With his being able to grant wisdom, can one assume that the Prince of Darkness is an authority on every topic? His knowledge is vast, but he is not omniscient. He lacks the knowledge to predict the way he will be tricked out of his bargains, or in this case, to recognize that Johnny is a better fiddler than he. It is odd that the devil is an authority on anything at all, since his role has more often been that of a revolutionary: "[T]he patron of both reform and evolution."16 This was his role by the end of the 1700s, when he was revived by Romanticists as "noble rebellion against autocracy or served at least as an ambivalent symbol of both liberty and selfishness."17 His struggle with God in Paradise Lost is epic, and once in hell, Milton cast Satan as heroic.18 Characteristically, the devil strives just slightly beyond his means, ever the rebel. Here, authority is a mixed bag, established first by the devil's power and then by Johnny's musical prowess. Here is the motivation behind the battle of the bands. It is as if the devil says, "this is the way it should be played," and Johnny must assert himself as a musician and insist, "no, this is the way." Despite the devil's attempt at funked-up progress, Johnny's power as a retro-hoe-downer outdoes Old Scratch.
Perhaps the devil is fighting for control of the earth. Perhaps the devil has never really settled his differences with God, so again and again he attempts to seduce God's children. But in his literary evolution, just as in the song, he has lost his rebel yell and arrived at a position of authority, and humans rebel against him and his glamorous ways. They are the proletariat rebelling against him, the elitist.
Other readings of this struggle provide interesting parallels. Chastity against seduction. Thrift against luxury. Naivete against knowing. Innocence against corruption. Light against darkness. White against black. Even in the Archie comics, blonde against brunette: Betty, wholesome, economy-minded, cautious, and Veronica, sometimes vicious, always wealthy, devil-may-care, battle for Archie's date with tactics that mirror these patterns. Racial implications of the devil-mortal dichotomy have worked both ways. While African-Americans have used the devil as a symbol for white oppressors and slave owners,19 so, too, have whites in America styled the devil after African-Americans -- in both non-fictional20 and fictional situations.21 In the Charlie Daniels Band's song, the devil's solo is markedly different from Johnny's. It aspires to black music patterns of the time: funky syncopation, a disco arrangement, and a jazzy, almost atonal fiddle solo. The Charlie Daniels Band's complaint about pop music inevitably paints the devil's music black and whitewashes its own.

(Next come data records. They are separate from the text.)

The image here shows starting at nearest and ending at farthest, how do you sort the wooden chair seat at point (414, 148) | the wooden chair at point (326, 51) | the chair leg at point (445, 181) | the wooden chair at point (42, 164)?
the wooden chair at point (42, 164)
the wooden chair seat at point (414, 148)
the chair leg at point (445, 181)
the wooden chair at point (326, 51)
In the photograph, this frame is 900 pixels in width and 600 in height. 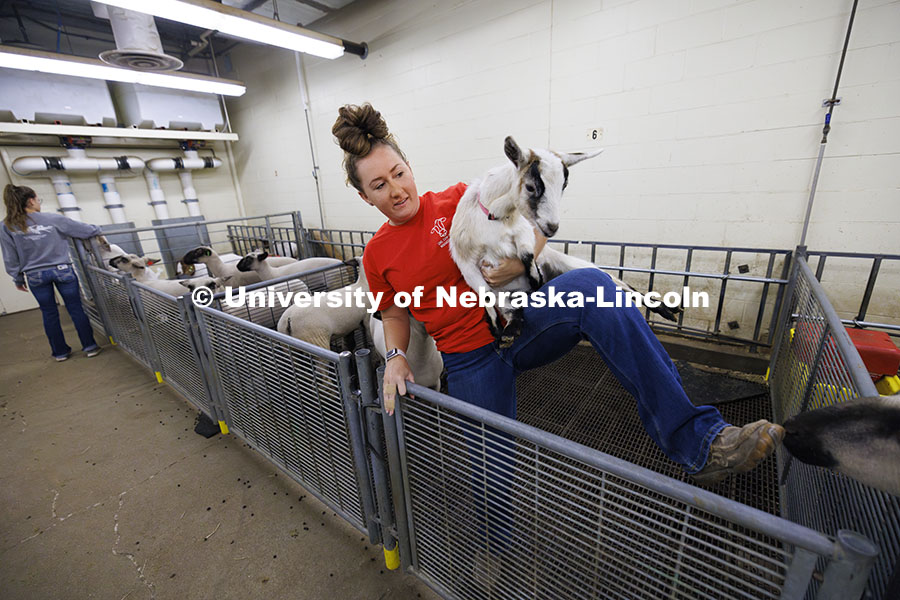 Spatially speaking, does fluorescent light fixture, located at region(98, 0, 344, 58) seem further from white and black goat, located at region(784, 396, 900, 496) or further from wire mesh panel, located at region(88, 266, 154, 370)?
white and black goat, located at region(784, 396, 900, 496)

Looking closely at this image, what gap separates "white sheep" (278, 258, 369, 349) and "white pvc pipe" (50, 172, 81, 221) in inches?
244

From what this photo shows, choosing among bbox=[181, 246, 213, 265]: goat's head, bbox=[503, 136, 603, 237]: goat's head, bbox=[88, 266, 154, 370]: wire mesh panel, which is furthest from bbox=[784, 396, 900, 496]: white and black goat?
bbox=[181, 246, 213, 265]: goat's head

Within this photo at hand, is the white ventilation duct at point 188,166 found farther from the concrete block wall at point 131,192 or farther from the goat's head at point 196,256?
the goat's head at point 196,256

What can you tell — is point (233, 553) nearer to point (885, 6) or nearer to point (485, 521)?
point (485, 521)

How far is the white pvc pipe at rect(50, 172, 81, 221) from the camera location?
237 inches

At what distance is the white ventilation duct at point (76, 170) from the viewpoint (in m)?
5.70

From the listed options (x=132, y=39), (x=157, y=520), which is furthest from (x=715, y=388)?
(x=132, y=39)

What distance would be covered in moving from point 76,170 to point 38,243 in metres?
3.67

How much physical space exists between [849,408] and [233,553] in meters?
2.32

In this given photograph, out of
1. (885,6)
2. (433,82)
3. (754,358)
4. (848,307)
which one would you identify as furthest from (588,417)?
(433,82)

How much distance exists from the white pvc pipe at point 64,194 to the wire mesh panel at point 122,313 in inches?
145

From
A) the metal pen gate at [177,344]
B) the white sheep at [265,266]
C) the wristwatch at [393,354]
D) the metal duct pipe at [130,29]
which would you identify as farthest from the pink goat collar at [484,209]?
the metal duct pipe at [130,29]

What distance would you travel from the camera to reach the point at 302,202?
7.11 m

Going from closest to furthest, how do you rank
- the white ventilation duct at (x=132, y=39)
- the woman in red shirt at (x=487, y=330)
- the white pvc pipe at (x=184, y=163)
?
the woman in red shirt at (x=487, y=330) < the white ventilation duct at (x=132, y=39) < the white pvc pipe at (x=184, y=163) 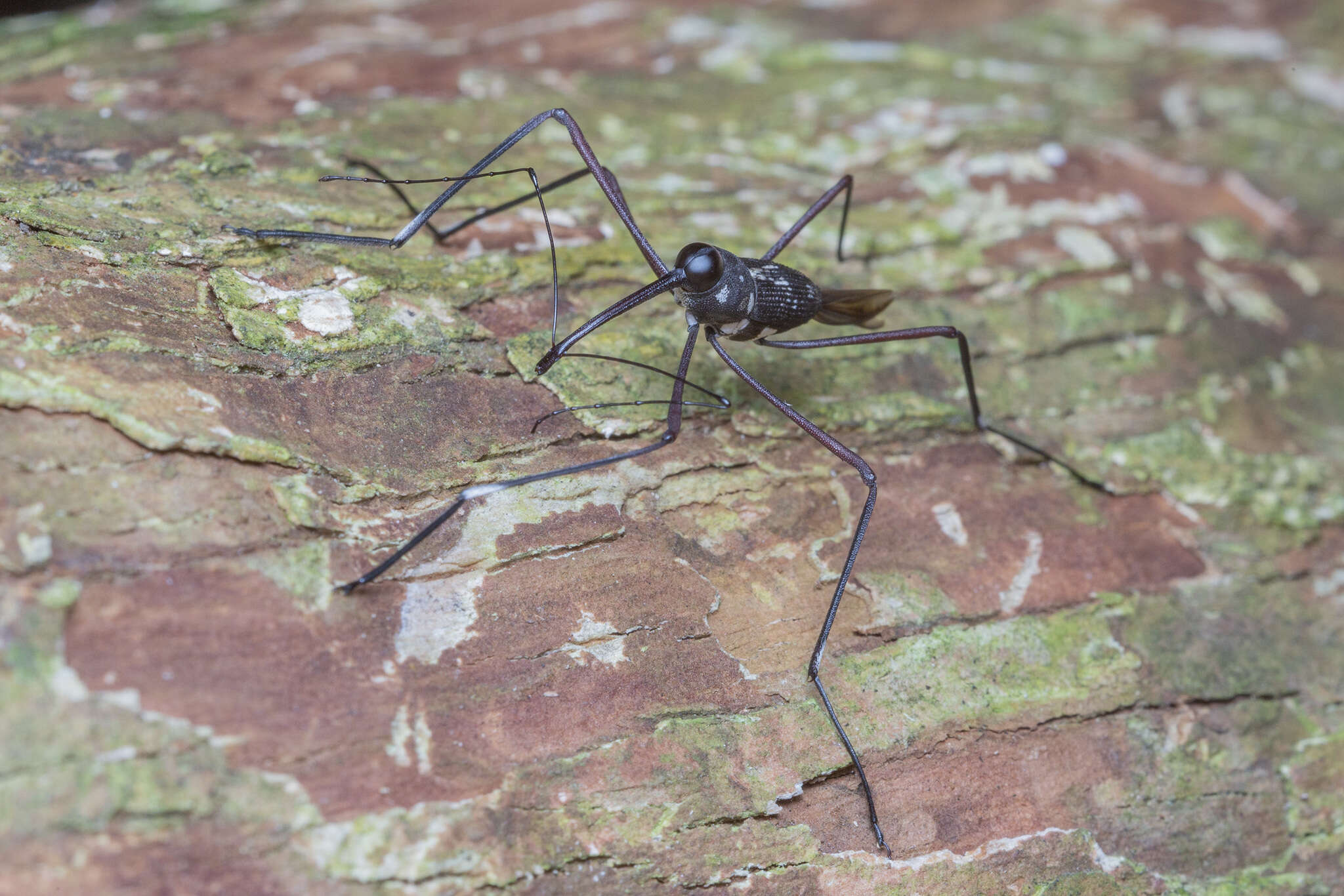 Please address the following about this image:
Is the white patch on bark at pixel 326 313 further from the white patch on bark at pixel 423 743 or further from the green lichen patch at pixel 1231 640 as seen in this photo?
the green lichen patch at pixel 1231 640

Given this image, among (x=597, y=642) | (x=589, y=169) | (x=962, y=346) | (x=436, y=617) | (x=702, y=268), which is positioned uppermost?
(x=589, y=169)

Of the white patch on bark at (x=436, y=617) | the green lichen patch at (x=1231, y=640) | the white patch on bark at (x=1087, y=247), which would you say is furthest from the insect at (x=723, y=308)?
the white patch on bark at (x=1087, y=247)

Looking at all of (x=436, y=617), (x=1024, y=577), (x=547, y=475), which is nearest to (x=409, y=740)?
(x=436, y=617)

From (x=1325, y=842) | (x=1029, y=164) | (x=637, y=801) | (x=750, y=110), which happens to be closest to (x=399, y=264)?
(x=637, y=801)

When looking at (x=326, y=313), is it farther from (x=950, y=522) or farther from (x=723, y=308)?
(x=950, y=522)

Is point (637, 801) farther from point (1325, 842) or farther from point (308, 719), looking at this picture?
point (1325, 842)

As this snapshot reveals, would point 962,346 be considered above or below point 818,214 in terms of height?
below

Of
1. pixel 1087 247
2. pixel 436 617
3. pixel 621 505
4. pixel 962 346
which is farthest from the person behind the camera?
pixel 1087 247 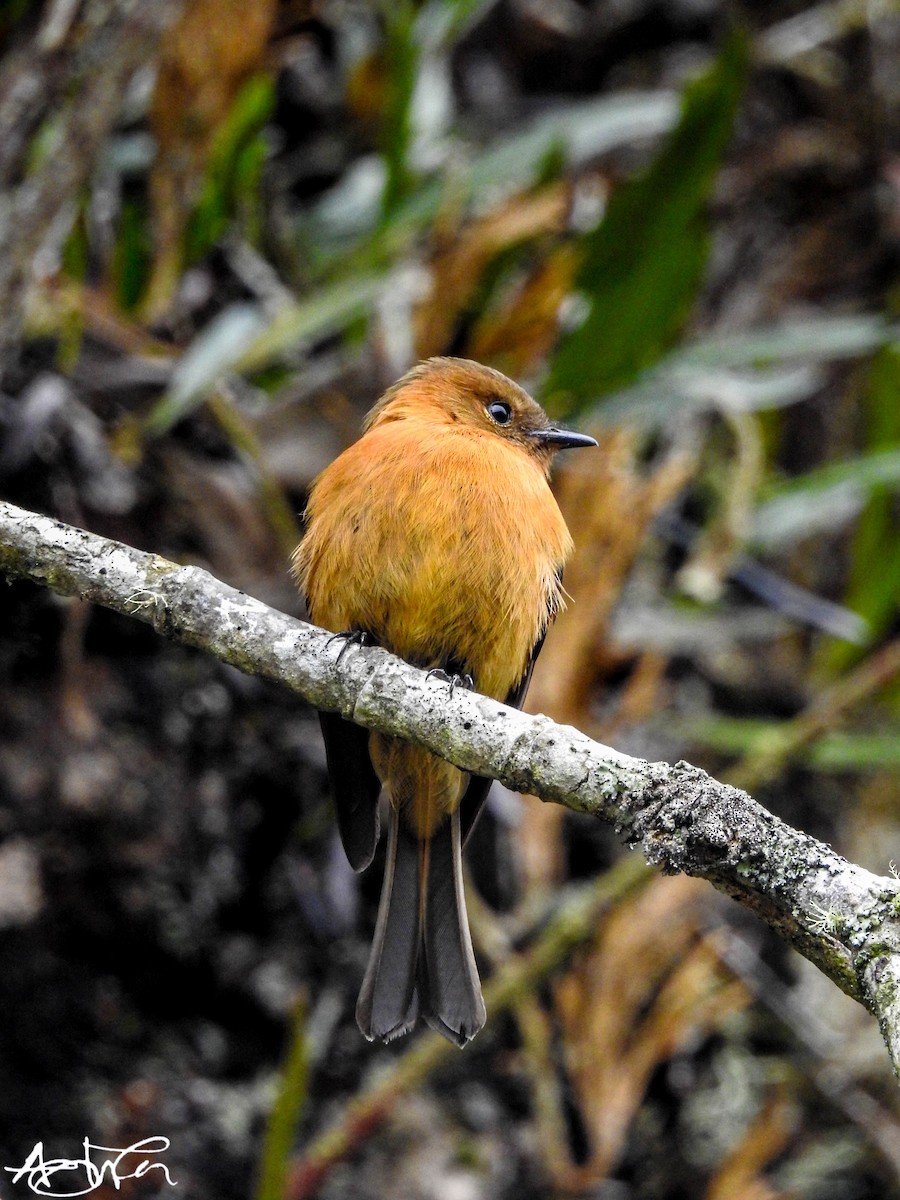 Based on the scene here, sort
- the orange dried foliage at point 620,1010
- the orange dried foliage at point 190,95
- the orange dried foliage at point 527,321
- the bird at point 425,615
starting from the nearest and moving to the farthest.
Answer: the bird at point 425,615
the orange dried foliage at point 620,1010
the orange dried foliage at point 190,95
the orange dried foliage at point 527,321

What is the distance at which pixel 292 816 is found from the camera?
14.6 ft

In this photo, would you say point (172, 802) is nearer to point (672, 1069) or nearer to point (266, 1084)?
point (266, 1084)

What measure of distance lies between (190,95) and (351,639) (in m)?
2.65

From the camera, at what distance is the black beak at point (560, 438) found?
3.77 m

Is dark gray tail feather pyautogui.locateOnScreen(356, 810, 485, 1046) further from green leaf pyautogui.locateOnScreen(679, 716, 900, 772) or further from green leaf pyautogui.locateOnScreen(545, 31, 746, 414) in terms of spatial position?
green leaf pyautogui.locateOnScreen(545, 31, 746, 414)

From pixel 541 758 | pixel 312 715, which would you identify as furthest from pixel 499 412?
pixel 541 758

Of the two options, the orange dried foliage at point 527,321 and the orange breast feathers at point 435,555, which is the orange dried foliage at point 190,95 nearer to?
the orange dried foliage at point 527,321

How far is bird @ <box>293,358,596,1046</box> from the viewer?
3107 millimetres

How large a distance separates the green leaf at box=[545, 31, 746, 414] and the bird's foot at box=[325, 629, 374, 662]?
5.63ft

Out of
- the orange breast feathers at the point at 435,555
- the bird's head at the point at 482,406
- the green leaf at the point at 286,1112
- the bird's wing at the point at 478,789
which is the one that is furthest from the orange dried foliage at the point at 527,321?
the green leaf at the point at 286,1112

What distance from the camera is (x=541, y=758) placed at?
7.11ft

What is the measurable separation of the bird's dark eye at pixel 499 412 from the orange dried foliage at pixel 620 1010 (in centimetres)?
145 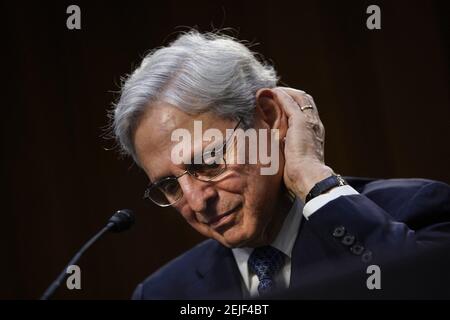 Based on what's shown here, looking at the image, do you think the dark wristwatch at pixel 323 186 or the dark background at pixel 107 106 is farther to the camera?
the dark background at pixel 107 106

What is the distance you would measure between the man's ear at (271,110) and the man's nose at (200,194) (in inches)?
9.3

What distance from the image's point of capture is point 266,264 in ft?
5.14

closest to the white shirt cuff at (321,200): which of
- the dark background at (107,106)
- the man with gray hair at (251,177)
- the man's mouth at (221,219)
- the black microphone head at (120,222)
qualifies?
the man with gray hair at (251,177)

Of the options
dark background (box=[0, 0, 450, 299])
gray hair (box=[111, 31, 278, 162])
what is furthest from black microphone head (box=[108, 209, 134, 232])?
dark background (box=[0, 0, 450, 299])

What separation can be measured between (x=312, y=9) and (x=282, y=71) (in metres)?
0.25

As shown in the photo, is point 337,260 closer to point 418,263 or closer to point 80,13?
point 418,263

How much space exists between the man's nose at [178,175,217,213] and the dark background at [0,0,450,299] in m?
0.79

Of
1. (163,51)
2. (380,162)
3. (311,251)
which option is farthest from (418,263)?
(380,162)

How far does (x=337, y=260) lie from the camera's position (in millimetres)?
1383

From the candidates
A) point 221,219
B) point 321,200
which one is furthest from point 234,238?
point 321,200

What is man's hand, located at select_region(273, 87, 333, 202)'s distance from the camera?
4.62 feet

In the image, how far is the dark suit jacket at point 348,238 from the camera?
129 centimetres

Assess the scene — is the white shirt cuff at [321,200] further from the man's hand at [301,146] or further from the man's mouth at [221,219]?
the man's mouth at [221,219]

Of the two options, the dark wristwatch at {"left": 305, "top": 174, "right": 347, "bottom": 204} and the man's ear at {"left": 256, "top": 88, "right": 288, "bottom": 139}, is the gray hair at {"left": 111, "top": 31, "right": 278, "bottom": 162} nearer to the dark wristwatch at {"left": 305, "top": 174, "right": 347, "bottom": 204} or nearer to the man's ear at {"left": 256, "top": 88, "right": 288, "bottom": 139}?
the man's ear at {"left": 256, "top": 88, "right": 288, "bottom": 139} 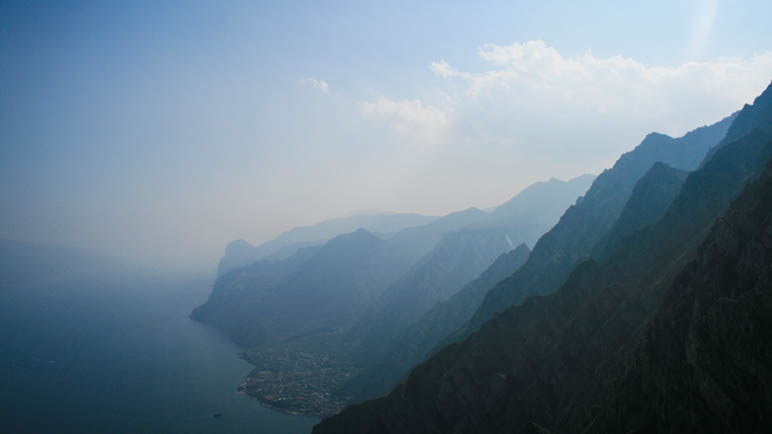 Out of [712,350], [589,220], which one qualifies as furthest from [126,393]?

Is this the story of the sacred and the profane? Does Johnny have a helping hand from heaven while being tempted by the deceit of hell? No. Johnny exhibits pride when he boasts of his talent and even recognizes that "it might be a sin" to gamble his soul. Both characters' motivations for playing are pride and ego-driven hedonism, reducing the contest to a mere shootout between two bad boys. There is no God here. And when Johnny curses the devil again, he iterates: "I done told you once, you son of a bitch, I'm the best there's ever been." This presents a paradox: Johnny is being sinfully proud even as he sends the devil away in shamed defeat.22 He might very well be escaping the devil only to wind up in hell? Johnny earns a wage by collecting the golden fiddle but this infernal material possession is just the kind of thing that will keep him out of the pearly gates. Johnny's situation is a dilemma: he is truly damned if he does and damned if he doesn't. Without playing, he may be martyred, but with playing, he makes a material profit by acting like the devil himself.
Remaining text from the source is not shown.